Telekom trial
January 25, 2012In what's been called the biggest investors trial in German history, a high court in Frankfurt on Wednesday resumed hearings on a case involving 17,000 Deutsche Telekom shareholders, who claim to have suffered a collective loss of 100 million euros ($129.7 million).
During Deutsche Telekom's initial public offering (IPO) in 2000, hundreds of thousands of Germans bought shares of the company at a price of 66.50 euros ($86.30) per share. They saw their investment evaporate when, in February 2001, Deutsche Telekom was forced to announce a drastic write-down of its real estate portfolio value, causing share prices to plunge.
On Tuesday Deutsche Telekom stocks traded at between 8 and 9 euros per share at the Frankfurt Stock Exchange.
"It's clear that investors at the time expected too much of T-shares, or 'the people's share' as it was commonly called," Dusseldorf-based lawyer Friedrich Isenbart told Deutsche Welle.
"An investment in shares always poses risks," he said, adding that in the information accompanying the IPO Deutsche Telekom did not try to conceal the possibility that "value fluctuations" could occur.
Crucial information concealed
In the trial, shareholders seek damages and interest to the tune of 80 million euros, claiming the company had inflated the value of its real estate holdings and misled potential shareholders as it listed a third slice of its capital in 2000.
One of the issues to be sorted out by the court is the acquisition of US company Voicestream, which the plaintiffs claim should have been mentioned in Deutsche Telekom's IPO prospectus.
In 2001, Deutsche Telekom paid $38 billion in a cash-and-stocks takeover of the US mobile phone company - a deal reportedly already sealed in 2000.
Isenbart said that the company was not solely responsible for providing such information - and thus liable for damage claims - but the author of the prospectus was too.
"This means that managers on the executive as well as the advisory board are in the dock now, being investigated for the extent of their own commercial interest in listing Deutsche Telekom stocks," he said.
Lex Telekom
Until 2005, the German legal system didn't provide for US-style class action lawsuits in which a single plaintiff sues on behalf of others.
Faced with the prospect of thousands of individual claims, however, German lawmakers created a similar law. The legislation, which has since been dubbed "Lex Telekom," is being applied for the first time in this case.
Out-of-court settlement
Deutsche Telekom already paid $120 million to US shareholders in a settlement reached outside of the courts. If the court finds substantial evidence supporting the charges, a similar result is likely in the German case, according to Mark Wilhelm, a lawyer also based in Dusseldorf.
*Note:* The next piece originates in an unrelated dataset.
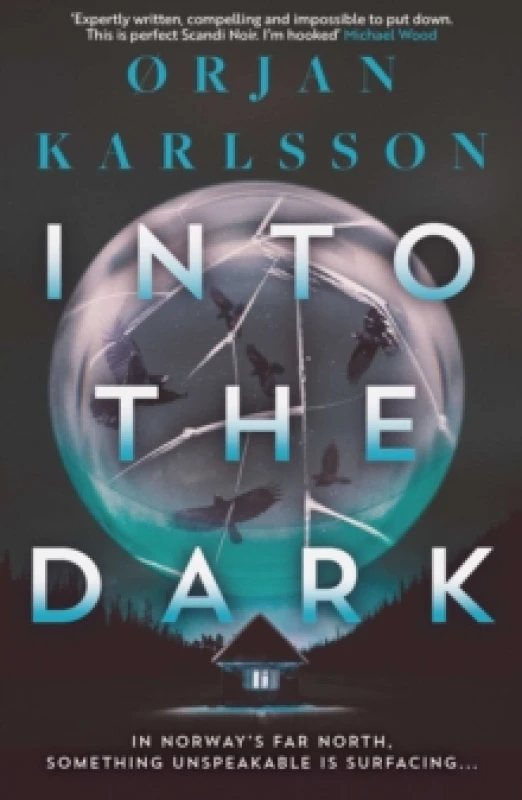 Image of Into The Dark : The dark, twisty new instalment in the chilling Arctic Mysteries series Volume 2 Paperback / softback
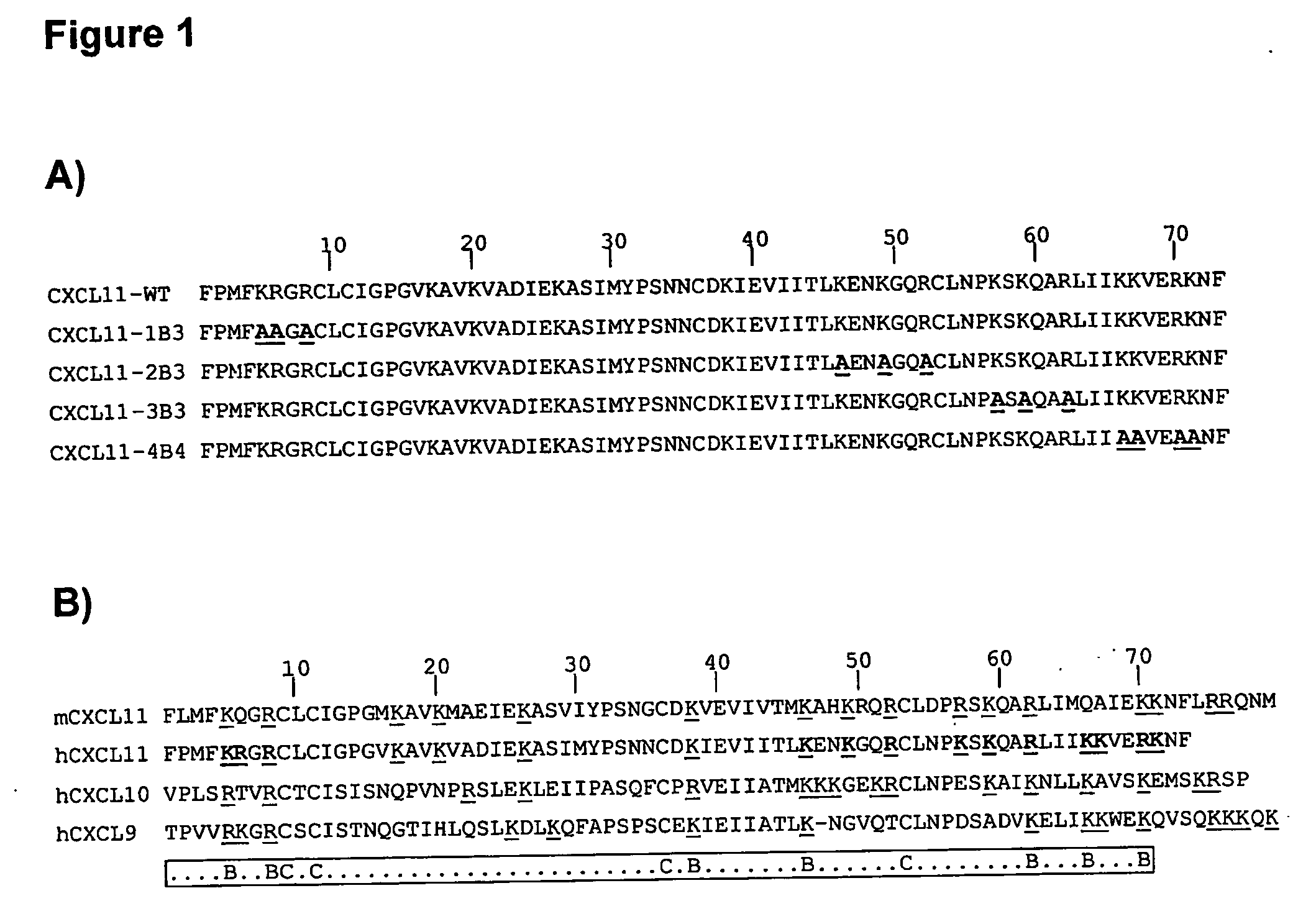 Novel antagonists of cxcr3-binding cxc chemokines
"This [settlement] would at least create some satisfaction among a large number of plaintiffs," he told Deutsche Welle.
Should the lawsuit fail, Wilhelm said that he expected the shareholders to appeal to a higher court. He also noted that the roughly 900 law firms representing the 17,000 plaintiffs would just be "waiting to start new proceedings" against Deutsche Telekom, meaning that the historic trial "won't be over any time soon."